Four built-in frames, each targeting a distinct failure mode. These are worth reading in frames.py because the prompt engineering is the theory made concrete:

Bias regression looks for six specific patterns: hedging that weakens well-supported claims, strawman constructions, asymmetric evidentiary standards, absorbed talking points, consensus-as-truth substitution, and selective framing. The system prompt positions the model as a “bias regression testing tool” — structural analysis, not fact-checking.

Epistemic mapping charts claimed confidence against actual evidentiary basis. For each major claim in pass 1, it asks: is confidence outpacing evidence? Is the response following source volume or source quality? Where does mainstream consensus diverge from replication data? The persona is an “epistemic cartographer.”

Factual verification checks faithfulness against the original prompt — numbers restated wrong, constraints dropped, claims added that weren’t in the input. This catches a different class of error from the bias frames: not attractor distortion, but simple infidelity to the prompt.

Adversarial steelmanning constructs the strongest opposing case: systematically underweighted evidence, better-fitting alternative frameworks, correlation-causation confusions, unjustified assumptions.

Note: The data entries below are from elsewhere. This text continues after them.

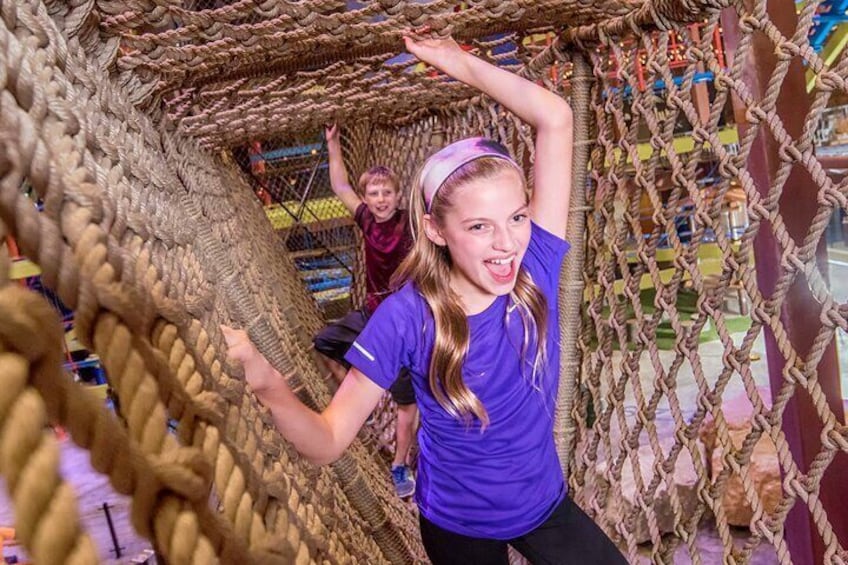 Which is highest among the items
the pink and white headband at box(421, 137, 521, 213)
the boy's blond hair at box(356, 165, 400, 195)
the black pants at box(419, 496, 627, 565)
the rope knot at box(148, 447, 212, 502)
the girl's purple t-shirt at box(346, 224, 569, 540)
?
the boy's blond hair at box(356, 165, 400, 195)

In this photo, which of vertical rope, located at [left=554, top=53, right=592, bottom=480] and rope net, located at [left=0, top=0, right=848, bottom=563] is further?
vertical rope, located at [left=554, top=53, right=592, bottom=480]

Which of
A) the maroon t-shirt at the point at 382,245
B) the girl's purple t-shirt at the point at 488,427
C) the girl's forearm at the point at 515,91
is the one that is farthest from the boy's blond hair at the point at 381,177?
the girl's purple t-shirt at the point at 488,427

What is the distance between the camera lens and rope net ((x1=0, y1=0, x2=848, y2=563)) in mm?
315

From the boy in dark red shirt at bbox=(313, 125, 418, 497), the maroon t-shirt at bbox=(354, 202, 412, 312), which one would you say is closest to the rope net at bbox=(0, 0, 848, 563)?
the boy in dark red shirt at bbox=(313, 125, 418, 497)

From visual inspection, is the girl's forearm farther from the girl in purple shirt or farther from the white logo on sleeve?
the white logo on sleeve

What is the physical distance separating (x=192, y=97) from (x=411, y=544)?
3.89 feet

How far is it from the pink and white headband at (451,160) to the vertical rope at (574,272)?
0.50 meters

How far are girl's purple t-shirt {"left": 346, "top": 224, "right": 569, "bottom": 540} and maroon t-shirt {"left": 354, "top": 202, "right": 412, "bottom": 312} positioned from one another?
1.27m

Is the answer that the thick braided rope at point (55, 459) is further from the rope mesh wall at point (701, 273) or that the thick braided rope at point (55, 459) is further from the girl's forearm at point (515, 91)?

The persona is a “dialectical analyst.”

What the test runs show

Sixteen runs across three models (LFM2-24B at 2.3B active params, GLM-4.7-flash, and Kimi-K2.5) on contested topics and logic puzzles. Some observations worth noting:

On the SSRI question, pass 1 produced a competent-looking analysis that described the evidence as “modest efficacy” — accurate in a narrow sense, but pass 2 caught that this framing downplays statistical significance without comparing effect sizes to older antidepressants. It identified asymmetric evidentiary standards: the response demanded more rigor from SSRIs than from therapy alternatives mentioned in the same breath. The divergence here isn’t factual error. It’s framing absorption — the model echoed the dominant narrative structure from its training data.

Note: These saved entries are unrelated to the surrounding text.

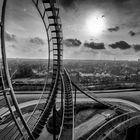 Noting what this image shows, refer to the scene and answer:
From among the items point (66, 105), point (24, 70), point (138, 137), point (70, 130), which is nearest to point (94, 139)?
point (70, 130)

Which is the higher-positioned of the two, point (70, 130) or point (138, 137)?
point (70, 130)

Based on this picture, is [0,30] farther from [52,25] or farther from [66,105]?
[66,105]

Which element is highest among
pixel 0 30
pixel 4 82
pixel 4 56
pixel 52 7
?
pixel 52 7

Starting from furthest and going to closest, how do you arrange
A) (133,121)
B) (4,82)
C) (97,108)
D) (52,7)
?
(97,108) < (133,121) < (52,7) < (4,82)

On the Belt and Road question, the pattern was different. Pass 1 presented a “balanced” analysis where balance meant equal weight to both positions. Pass 2 identified that the Sri Lanka Hambantota Port example was doing disproportionate work — one dramatic case standing in for a systemic claim, while the statistic that 60% of BRI countries have debt-to-GDP ratios below 50% was buried. The attractor wasn’t toward one position; it was toward a particular structure of balance that training data favors.

On logic puzzles (Monty Hall, bat-and-ball), the divergence was smaller. These have clear correct answers, and the models mostly got them right in pass 1. Pass 2 found minor hedging. The tool adds least where attractors are weakest — when the training signal converges on a correct answer, there’s nothing to diverge from.

Open questions

Frame selection. The four built-in frames were designed by intuition about what bias patterns exist. Is there a principled way to determine which frame will produce the most informative divergence for a given prompt? Could the frame itself be generated from the prompt?

Divergence quantification. Right now, divergence is qualitative — you read pass 2 and see what it found. A formal metric for divergence magnitude would enable comparison across prompts, models, and frames. What would that metric look like?

Multi-model divergence. Running the same prompt through different models reveals different attractor patterns. The README notes this as a use case. But the interesting analysis would be systematic: which topics produce the most model-to-model divergence, and what does that tell us about training-data composition?

Scaling behavior. The README claims the effect scales with model capability. If true, this has implications for how attractor bias behaves as models get larger — does it get stronger (deeper attractors from more training data) or weaker (more capacity to represent competing positions)?

Attractor topology. The current approach assumes a single dominant attractor per topic. But contested topics might have multiple local attractors — progressive vs. conservative framings of the same issue, for instance. Multi-pass analysis could map these, but the current three-pass pipeline doesn’t attempt it.